Fed looks set to cut rates more to avoid recession
Wed Jan 30, 2008 2:55am EST
By Mark Felsenthal
WASHINGTON (Reuters) - The Federal Reserve is expected to lower U.S. interest rates on Wednesday as part of an ongoing aggressive effort to spare the economy from the worst effects of a deep housing slump and credit crunch.
Financial markets see a three-in-four chance the Fed lowers benchmark overnight rates by a steep half-percentage point, with at least a quarter-point trim a certainty, as the Fed seeks to counter the risk of a U.S. recession.
Any rate cut would follow a surprise three-quarter-point reduction on January 22 and mark one of the deepest and fastest rate-cutting episodes since the early 1980s. The Fed is expected to announce its decision at about 2:15 p.m. EST.
"Weaker consumer confidence and spending data, along with rising housing inventories and plunging home prices, will likely keep Fed officials concerned about 'appreciable' downside risks to growth," wrote economists at UBS, who are expecting a half-percentage point cut.

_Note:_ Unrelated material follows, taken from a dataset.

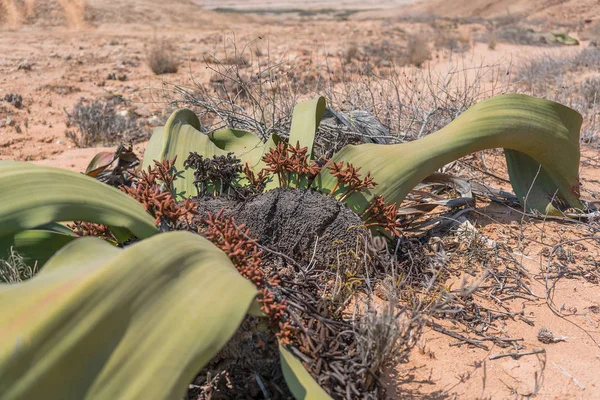 Welwitschia Avec Désert Arrière Plan — Photo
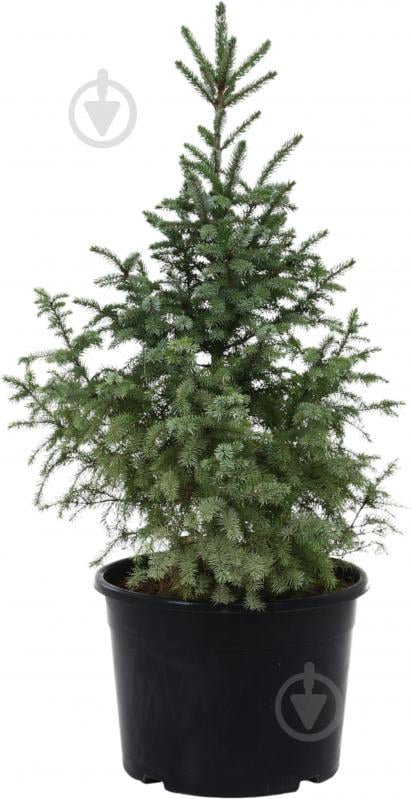 Ель сербская / Picea omorica C20 - фото 1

In explaining its aggressive move last week, the Fed said the outlook for economic growth had weakened and downside risks had risen. Policy-makers also said businesses and households were beginning to feel the pinch of tighter credit.
STOCK GAINS
The rate cut was unveiled a day after global stock markets fell sharply and before U.S. financial markets were due to reopen after the Martin Luther King Jr. Day holiday.
The emergency move, just eight days before the end of the U.S. central bank's regularly scheduled two-day policy-setting meeting, signaled a high degree of concern about financial market volatility and economic deterioration.
The Fed came under fire when it was revealed two days after its unexpected rate cut that French bank Societe Generale had incurred losses of more than $7 billion unwinding unauthorized trades by an employee. Markets wondered whether the sales had pushed equity prices down, misleading the Fed into overreacting to the market sell-off.
A Fed official, however, said Monday's stock market declines were just one factor in the central bank's thinking, and that policy-makers were still comfortable with their decision.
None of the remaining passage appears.